MYTHICITY: *fair*
FRYEAN MYTHOS: *adventure*
CAMPBELLIAN FUNCTIONS: *psychological, sociological*
The script for Cesar Romero’s debut
as the Crown Prince of Crime comes from the penn of Robert (son of producer William) Dozier. Robert Dozier apparently liked the
“universal language” bromide that Semple had Bruce Wayne toss at
Dick Grayson at the beginning of “Fine Feathered Finks,” since
Dozier more or less re-uses the same schtick.
Most of “Wild” follows the pattern
of a 1952 Bat-tale by David Reed, “The Joker’s Utility Belt,”
though the episode’s opening is all-original. The Joker receives
permissive treatment by Warden Crichton (who debuted in the previous
episode), and the “Chaplain of Chicanery” (as the script calls
him) breaks out of stir with the help of a giant jack-in-the-box
spring.
After the Duo confer with the
always-harried Commissioner Gordon, the heroes figure out that the
Joker’s next target is a museum whose display on great comedians
failed to acknowledge the Joker’s contributions to comedy. In the
comics-story, the Joker and his thugs simply invade the museum
after-hours, but Dozier plays up the situation, as the heroes deduce
that the Murderous Mountebank doesn’t plan to break in, since he
and his thugs have always smuggled themselves in, so that they can
“break out” at their leisure. In the fight between heroes and
villains, the Joker temporarily prevails, but Batman wins freedom for
himself and Robin by hurling a gas-weapon from his utility belt.
Joker escapes, but swears to outdo his enemy. Later, he comes up with
his own utility belt, which contains assorted joke-related weapons,
which he shows off to his moll Queenie (definitely not in the
comic-book tale). The Hateful Harlequin’s dialogue with his moll
leads him to conceive of his next grand scheme—which,
unfortunately, is probably the weakest aspect of Dozier’s script,
and one not present in the Reed original.
In “Utility Belt” Joker attempts to
rob an opera performing “Pagliacci,” but the setting is
incidental, since the only purpose of the scene is to show the
villain thwarting the cops with his new arsenal of weapons. Dozier
builds up the opera-scene by having Batman and Robin storm the scene,
only to be captured by Joker’s thugs. The cliffhanger consists of
the villain threatening to unmask the heroes on national television,
and in retrospect this threat of exposure proves more resonant than
many of the death-traps. The heroes break free but Joker escapes
again. In the comics-tale the villain’s next plot is to rob wealthy
art-collector Laughwell, and Dozier expands this germ to include a
humorous grammar-lesson from butler Alfred—the first of many
moments of dry wit from the excellent Alan Napier. The Laughwell
robbery duplicates a scene in the comic, in which Joker manages to
slip a copy of his own nefarious belt onto Batman’s body, so as to
further confound the heroes’ attempt to stop the thieves.
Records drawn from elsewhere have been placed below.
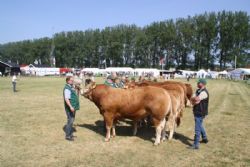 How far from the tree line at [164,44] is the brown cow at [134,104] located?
8033 centimetres

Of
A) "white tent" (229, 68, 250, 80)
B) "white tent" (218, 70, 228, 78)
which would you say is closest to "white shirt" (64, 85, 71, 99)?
"white tent" (229, 68, 250, 80)

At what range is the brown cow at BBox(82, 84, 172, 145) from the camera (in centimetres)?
1033

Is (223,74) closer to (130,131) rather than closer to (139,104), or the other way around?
(130,131)

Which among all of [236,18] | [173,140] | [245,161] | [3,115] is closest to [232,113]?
[173,140]

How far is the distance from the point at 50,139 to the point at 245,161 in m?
6.09

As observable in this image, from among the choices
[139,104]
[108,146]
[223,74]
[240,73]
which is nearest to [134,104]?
[139,104]

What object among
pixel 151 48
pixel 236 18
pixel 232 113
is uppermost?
pixel 236 18

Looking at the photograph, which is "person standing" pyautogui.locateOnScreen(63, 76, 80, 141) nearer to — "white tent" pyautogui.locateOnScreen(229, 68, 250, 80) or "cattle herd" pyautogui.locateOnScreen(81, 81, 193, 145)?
"cattle herd" pyautogui.locateOnScreen(81, 81, 193, 145)

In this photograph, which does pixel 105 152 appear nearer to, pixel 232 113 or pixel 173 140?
pixel 173 140

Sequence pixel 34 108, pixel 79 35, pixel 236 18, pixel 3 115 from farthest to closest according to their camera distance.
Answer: pixel 79 35 → pixel 236 18 → pixel 34 108 → pixel 3 115

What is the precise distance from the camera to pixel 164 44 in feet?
356

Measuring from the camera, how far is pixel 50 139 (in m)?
10.6

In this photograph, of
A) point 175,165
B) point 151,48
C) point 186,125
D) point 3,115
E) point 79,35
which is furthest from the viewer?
point 79,35

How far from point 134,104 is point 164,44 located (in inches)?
3930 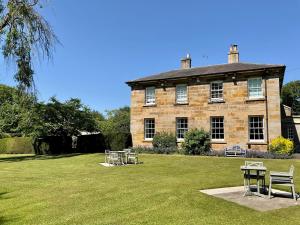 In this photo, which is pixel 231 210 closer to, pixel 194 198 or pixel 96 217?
pixel 194 198

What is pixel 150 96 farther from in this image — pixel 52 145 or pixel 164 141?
pixel 52 145

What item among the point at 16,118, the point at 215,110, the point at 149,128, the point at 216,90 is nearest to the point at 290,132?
the point at 215,110

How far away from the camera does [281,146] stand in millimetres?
20219

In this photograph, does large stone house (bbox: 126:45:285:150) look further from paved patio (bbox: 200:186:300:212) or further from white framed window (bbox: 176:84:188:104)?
paved patio (bbox: 200:186:300:212)

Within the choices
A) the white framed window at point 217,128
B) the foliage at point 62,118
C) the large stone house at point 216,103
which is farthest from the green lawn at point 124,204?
the foliage at point 62,118

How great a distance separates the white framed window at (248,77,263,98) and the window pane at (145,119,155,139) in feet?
28.8

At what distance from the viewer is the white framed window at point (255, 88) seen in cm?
2241

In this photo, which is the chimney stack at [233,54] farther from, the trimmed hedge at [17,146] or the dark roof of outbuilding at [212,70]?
the trimmed hedge at [17,146]

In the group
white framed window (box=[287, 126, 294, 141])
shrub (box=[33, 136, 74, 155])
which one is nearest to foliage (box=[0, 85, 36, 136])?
shrub (box=[33, 136, 74, 155])

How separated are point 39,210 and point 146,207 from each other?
99.6 inches

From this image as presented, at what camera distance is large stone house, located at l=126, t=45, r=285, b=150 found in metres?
21.9

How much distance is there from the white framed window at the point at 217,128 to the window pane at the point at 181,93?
309 centimetres

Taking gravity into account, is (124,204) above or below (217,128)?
below

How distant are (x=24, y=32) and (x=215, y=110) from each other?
1534 cm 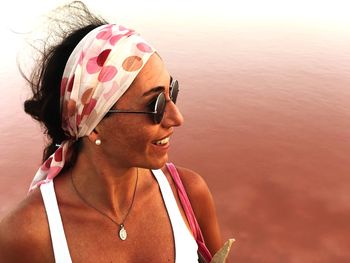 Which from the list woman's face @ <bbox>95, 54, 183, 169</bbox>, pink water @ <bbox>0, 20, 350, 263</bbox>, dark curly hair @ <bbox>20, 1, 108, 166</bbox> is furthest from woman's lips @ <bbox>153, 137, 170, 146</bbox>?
pink water @ <bbox>0, 20, 350, 263</bbox>

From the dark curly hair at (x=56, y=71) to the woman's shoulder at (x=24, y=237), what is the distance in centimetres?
36

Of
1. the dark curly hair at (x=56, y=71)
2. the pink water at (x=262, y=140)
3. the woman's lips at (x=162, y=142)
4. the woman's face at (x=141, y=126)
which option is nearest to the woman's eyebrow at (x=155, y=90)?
the woman's face at (x=141, y=126)

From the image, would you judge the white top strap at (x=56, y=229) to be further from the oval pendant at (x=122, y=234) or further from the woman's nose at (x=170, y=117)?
the woman's nose at (x=170, y=117)

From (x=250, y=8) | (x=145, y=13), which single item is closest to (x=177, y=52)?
(x=145, y=13)

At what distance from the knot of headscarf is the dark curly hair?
7 centimetres

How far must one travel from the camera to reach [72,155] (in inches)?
78.0

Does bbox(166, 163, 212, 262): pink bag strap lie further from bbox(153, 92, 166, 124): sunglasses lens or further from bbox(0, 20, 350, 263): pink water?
bbox(0, 20, 350, 263): pink water

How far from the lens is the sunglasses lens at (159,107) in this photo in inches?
68.5

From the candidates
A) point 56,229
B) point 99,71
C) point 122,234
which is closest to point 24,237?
point 56,229

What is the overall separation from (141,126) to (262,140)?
395cm

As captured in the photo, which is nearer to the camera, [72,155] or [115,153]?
[115,153]

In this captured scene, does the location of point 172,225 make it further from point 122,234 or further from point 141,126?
point 141,126

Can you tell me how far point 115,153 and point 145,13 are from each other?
10.6 metres

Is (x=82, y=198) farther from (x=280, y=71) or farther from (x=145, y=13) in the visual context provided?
(x=145, y=13) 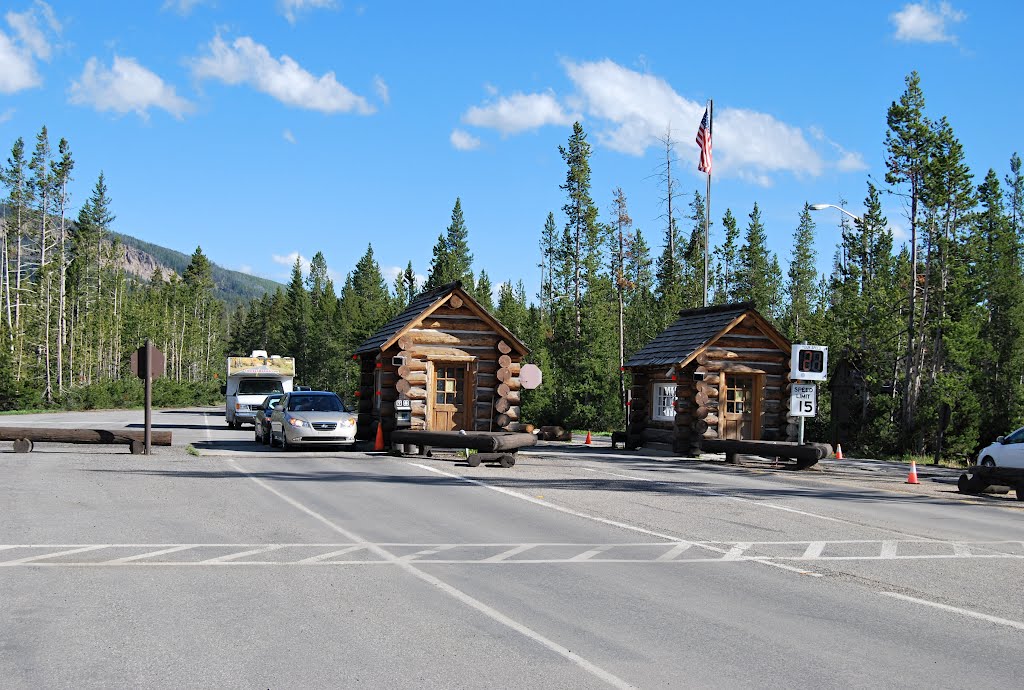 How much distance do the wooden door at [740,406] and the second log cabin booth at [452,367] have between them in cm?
659

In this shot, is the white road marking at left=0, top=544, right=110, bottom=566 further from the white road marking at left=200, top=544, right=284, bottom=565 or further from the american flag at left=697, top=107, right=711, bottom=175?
the american flag at left=697, top=107, right=711, bottom=175

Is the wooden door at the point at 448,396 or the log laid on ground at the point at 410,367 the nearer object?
the log laid on ground at the point at 410,367

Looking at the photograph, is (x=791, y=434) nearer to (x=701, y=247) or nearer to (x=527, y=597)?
(x=527, y=597)

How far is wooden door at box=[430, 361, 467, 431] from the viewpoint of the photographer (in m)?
29.8

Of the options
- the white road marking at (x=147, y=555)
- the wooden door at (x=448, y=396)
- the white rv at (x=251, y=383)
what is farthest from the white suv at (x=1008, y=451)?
the white rv at (x=251, y=383)

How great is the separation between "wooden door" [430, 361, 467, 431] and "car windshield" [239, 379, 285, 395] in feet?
49.6

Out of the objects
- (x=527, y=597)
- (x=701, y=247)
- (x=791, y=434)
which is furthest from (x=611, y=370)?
(x=527, y=597)

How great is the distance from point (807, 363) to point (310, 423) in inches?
525

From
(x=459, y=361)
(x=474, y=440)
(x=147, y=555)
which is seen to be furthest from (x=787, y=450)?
(x=147, y=555)

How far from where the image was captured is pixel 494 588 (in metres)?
9.19

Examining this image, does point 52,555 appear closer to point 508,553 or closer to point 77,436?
point 508,553

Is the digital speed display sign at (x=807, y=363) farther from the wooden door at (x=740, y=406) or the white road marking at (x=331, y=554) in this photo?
the white road marking at (x=331, y=554)

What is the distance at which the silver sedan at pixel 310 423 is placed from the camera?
27.3 m

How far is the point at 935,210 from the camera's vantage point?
44.1m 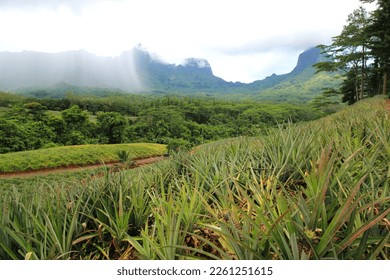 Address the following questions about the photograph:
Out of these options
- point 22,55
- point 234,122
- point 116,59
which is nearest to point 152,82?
point 116,59

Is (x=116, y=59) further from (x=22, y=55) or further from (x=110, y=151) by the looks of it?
(x=110, y=151)

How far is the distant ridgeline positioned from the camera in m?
79.5

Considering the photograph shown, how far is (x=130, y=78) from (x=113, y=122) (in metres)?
125

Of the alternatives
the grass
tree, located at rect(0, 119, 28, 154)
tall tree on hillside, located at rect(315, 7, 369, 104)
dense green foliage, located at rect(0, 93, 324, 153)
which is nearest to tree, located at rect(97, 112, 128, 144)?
dense green foliage, located at rect(0, 93, 324, 153)

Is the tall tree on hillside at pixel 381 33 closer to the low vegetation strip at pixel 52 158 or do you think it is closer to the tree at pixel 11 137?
the low vegetation strip at pixel 52 158

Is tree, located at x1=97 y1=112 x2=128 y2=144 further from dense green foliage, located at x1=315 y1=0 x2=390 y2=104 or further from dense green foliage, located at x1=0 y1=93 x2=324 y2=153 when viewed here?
dense green foliage, located at x1=315 y1=0 x2=390 y2=104

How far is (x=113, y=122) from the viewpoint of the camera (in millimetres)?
38531

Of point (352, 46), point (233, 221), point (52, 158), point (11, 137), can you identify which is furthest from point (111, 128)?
point (233, 221)

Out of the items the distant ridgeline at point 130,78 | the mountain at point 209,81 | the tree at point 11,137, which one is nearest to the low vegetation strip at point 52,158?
the tree at point 11,137

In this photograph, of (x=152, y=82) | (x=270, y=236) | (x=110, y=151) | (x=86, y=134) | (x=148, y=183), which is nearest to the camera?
(x=270, y=236)

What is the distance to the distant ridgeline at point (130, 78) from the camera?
79463mm

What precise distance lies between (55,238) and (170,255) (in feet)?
1.68

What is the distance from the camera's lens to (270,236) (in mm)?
937

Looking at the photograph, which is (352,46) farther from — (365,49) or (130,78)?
(130,78) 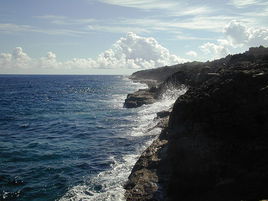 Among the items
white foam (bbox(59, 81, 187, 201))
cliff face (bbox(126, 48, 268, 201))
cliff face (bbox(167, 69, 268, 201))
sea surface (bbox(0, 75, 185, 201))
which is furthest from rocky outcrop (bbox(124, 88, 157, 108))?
cliff face (bbox(167, 69, 268, 201))

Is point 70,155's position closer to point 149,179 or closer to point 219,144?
point 149,179

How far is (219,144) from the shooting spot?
15.4 meters

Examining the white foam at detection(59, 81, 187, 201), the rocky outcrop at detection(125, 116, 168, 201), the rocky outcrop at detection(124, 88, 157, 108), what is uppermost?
the rocky outcrop at detection(124, 88, 157, 108)

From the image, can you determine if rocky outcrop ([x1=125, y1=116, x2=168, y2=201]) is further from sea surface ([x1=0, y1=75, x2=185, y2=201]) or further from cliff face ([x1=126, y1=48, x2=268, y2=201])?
sea surface ([x1=0, y1=75, x2=185, y2=201])

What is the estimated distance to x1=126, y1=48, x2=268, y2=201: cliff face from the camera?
14.4 m

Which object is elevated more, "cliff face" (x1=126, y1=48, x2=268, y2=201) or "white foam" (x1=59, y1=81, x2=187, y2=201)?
"cliff face" (x1=126, y1=48, x2=268, y2=201)

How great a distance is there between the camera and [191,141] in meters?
16.2

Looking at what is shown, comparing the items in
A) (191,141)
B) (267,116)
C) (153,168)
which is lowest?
(153,168)

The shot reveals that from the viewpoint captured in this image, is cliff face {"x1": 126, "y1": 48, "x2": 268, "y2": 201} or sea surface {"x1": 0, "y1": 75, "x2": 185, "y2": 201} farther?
sea surface {"x1": 0, "y1": 75, "x2": 185, "y2": 201}

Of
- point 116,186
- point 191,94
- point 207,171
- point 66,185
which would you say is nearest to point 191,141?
point 207,171

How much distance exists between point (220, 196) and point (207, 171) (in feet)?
5.21

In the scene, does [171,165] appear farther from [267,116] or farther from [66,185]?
[66,185]

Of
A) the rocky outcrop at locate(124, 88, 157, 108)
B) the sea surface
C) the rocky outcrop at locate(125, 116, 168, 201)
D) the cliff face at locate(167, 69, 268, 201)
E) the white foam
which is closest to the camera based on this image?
the cliff face at locate(167, 69, 268, 201)

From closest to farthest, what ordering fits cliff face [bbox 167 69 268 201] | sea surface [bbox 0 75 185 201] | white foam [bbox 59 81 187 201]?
cliff face [bbox 167 69 268 201] < white foam [bbox 59 81 187 201] < sea surface [bbox 0 75 185 201] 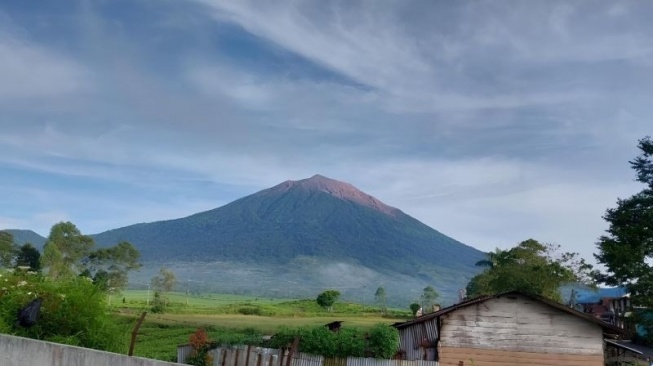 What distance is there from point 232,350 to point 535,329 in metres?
10.2

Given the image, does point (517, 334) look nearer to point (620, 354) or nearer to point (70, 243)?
point (620, 354)

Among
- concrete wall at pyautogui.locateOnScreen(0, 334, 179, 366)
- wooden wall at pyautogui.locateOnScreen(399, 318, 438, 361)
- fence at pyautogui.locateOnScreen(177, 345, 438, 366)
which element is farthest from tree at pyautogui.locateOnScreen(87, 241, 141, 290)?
concrete wall at pyautogui.locateOnScreen(0, 334, 179, 366)

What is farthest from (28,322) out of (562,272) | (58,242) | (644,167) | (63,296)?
(58,242)

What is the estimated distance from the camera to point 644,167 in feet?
132

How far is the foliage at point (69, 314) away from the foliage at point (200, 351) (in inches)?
394

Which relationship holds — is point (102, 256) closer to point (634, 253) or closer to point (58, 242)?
point (58, 242)

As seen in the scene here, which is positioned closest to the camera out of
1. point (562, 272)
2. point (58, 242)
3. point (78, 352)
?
point (78, 352)

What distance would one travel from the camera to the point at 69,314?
41.4 feet

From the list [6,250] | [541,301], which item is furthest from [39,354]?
[6,250]

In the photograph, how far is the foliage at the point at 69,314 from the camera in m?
12.5

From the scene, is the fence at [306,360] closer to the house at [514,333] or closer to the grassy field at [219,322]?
the grassy field at [219,322]

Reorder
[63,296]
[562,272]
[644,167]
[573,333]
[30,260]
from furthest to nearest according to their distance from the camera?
[30,260] < [562,272] < [644,167] < [573,333] < [63,296]

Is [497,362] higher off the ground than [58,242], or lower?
lower

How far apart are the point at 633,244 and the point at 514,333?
16.5 metres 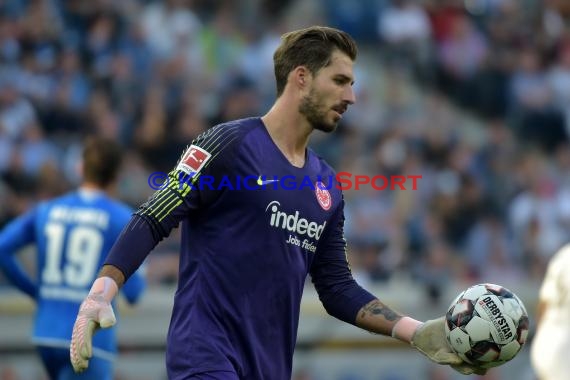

Naturally, the comic-book story does not make any witty references to
“hitting below the belt.”
The final act involves Joker capturing
Batman and Robin at a ship-christening, which action follows that
of the comics-tale. However, Dozier introduces the idea that the
villain tries to blackmail the authorities with the Duo’s lives,
and the ransom Joker wants is—the ownership of an ocean-liner?
True, not all of Joker’s thefts have to make sense, and Romero
certainly sells the idea of the fiend as being above “mere petty
pilfering.” But one can’t help but wonder what use a fugitive
criminal would have for an ocean-liner, and I suspect Dozier just
threw in this waggish motive as a lark. The episode does conclude
with one of the show’s best fight-scenes, though, and with a
comical scene in which Queenie tries to seduce straight-arrow Batman,
who calls her a “poor, deluded creature.”
Dozier also puts across one of the
better camp-touches of the first season. At a point when the Dynamic
Duo seem helpless to prevent Joker’s crime-wave, a TV newsman
relates a sentimental tale of his eight-year-old son praying for
Batman and Robin. Later, after the heroes’ triumph, the same
newsman references the famous “Yes, Virginia, There is a Santa
Claus” essay by claiming that he told his son, “There is a
Batman.” This represents one of the best-realized examples of the
show’s camp aesthetic, playing most of the story straight but
throwing in little undertones of mockery.